Exercise aim. The expected answer holds every line from the first line of the data below through the line containing "Smaragd mini urn met licht - keramiek", exactly as written, and no other line.

=-=-=-=-=

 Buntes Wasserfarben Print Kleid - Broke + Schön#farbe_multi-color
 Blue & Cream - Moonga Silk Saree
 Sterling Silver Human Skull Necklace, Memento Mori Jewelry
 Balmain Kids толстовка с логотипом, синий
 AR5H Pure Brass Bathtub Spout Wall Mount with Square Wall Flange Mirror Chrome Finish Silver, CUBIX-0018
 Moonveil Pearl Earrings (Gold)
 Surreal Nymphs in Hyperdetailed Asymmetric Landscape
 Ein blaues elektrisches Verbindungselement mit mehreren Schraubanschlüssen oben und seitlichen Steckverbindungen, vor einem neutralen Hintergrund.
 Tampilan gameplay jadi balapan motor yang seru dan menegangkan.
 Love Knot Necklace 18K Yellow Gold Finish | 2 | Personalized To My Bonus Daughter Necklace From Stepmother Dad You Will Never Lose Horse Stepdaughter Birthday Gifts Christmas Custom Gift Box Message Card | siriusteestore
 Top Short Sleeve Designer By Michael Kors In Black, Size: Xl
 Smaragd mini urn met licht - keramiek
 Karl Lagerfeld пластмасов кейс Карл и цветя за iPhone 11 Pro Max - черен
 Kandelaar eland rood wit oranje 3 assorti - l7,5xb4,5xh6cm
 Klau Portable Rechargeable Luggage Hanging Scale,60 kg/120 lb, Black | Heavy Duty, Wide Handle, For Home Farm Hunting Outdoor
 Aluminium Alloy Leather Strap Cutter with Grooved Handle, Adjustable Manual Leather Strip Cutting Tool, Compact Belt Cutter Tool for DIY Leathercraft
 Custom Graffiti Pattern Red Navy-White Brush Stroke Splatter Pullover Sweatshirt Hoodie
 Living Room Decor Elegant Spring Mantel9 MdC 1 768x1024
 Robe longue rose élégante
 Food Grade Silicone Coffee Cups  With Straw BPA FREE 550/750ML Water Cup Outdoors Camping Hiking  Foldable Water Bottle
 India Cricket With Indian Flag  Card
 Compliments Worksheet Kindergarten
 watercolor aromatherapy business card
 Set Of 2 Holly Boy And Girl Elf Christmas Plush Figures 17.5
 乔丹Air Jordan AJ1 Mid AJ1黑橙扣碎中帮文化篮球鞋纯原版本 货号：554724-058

=-=-=-=-=

Expected answer.
 Buntes Wasserfarben Print Kleid - Broke + Schön#farbe_multi-color
 Blue & Cream - Moonga Silk Saree
 Sterling Silver Human Skull Necklace, Memento Mori Jewelry
 Balmain Kids толстовка с логотипом, синий
 AR5H Pure Brass Bathtub Spout Wall Mount with Square Wall Flange Mirror Chrome Finish Silver, CUBIX-0018
 Moonveil Pearl Earrings (Gold)
 Surreal Nymphs in Hyperdetailed Asymmetric Landscape
 Ein blaues elektrisches Verbindungselement mit mehreren Schraubanschlüssen oben und seitlichen Steckverbindungen, vor einem neutralen Hintergrund.
 Tampilan gameplay jadi balapan motor yang seru dan menegangkan.
 Love Knot Necklace 18K Yellow Gold Finish | 2 | Personalized To My Bonus Daughter Necklace From Stepmother Dad You Will Never Lose Horse Stepdaughter Birthday Gifts Christmas Custom Gift Box Message Card | siriusteestore
 Top Short Sleeve Designer By Michael Kors In Black, Size: Xl
 Smaragd mini urn met licht - keramiek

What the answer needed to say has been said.